- EXERCISE DIRECTIONS
Skip the pictures. Output only the lines below starting at the line with "Porträtt av räkningsleven" and ending at the line with "Set Of 2 Lowered", both ends included, exactly as they are.

- RECORDED DATA
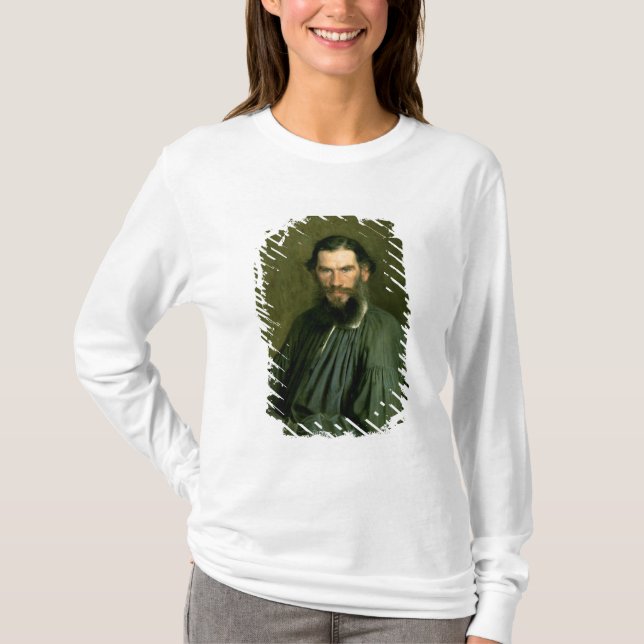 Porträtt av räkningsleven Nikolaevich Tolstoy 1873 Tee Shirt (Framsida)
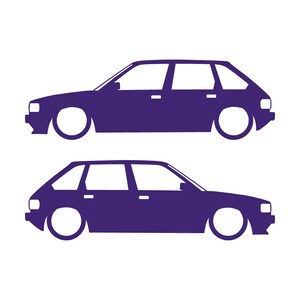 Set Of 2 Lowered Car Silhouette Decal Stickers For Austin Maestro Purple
---
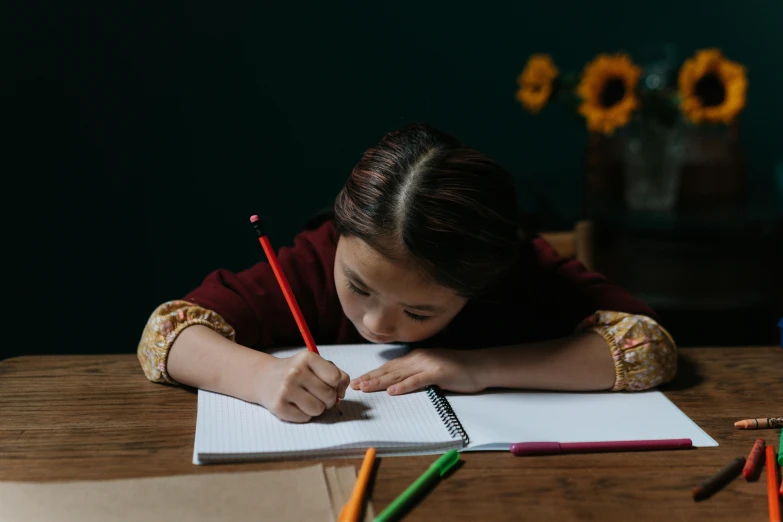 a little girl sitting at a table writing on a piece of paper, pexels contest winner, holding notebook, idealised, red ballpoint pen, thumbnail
* * *
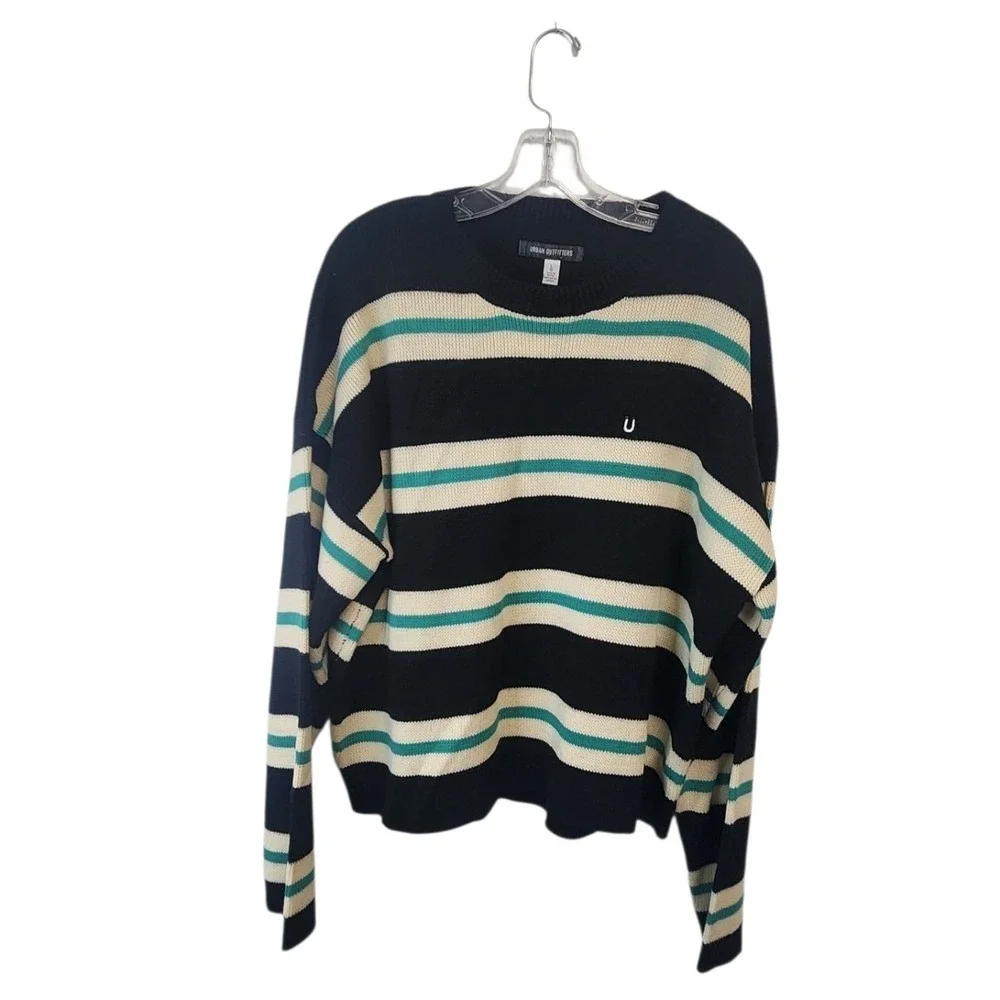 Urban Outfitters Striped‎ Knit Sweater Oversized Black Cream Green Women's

- SOLUTION FOR THIS EXERCISE
 Porträtt av räkningsleven Nikolaevich Tolstoy 1873 Tee Shirt (Framsida)
 Set Of 2 Lowered Car Silhouette Decal Stickers For Austin Maestro Purple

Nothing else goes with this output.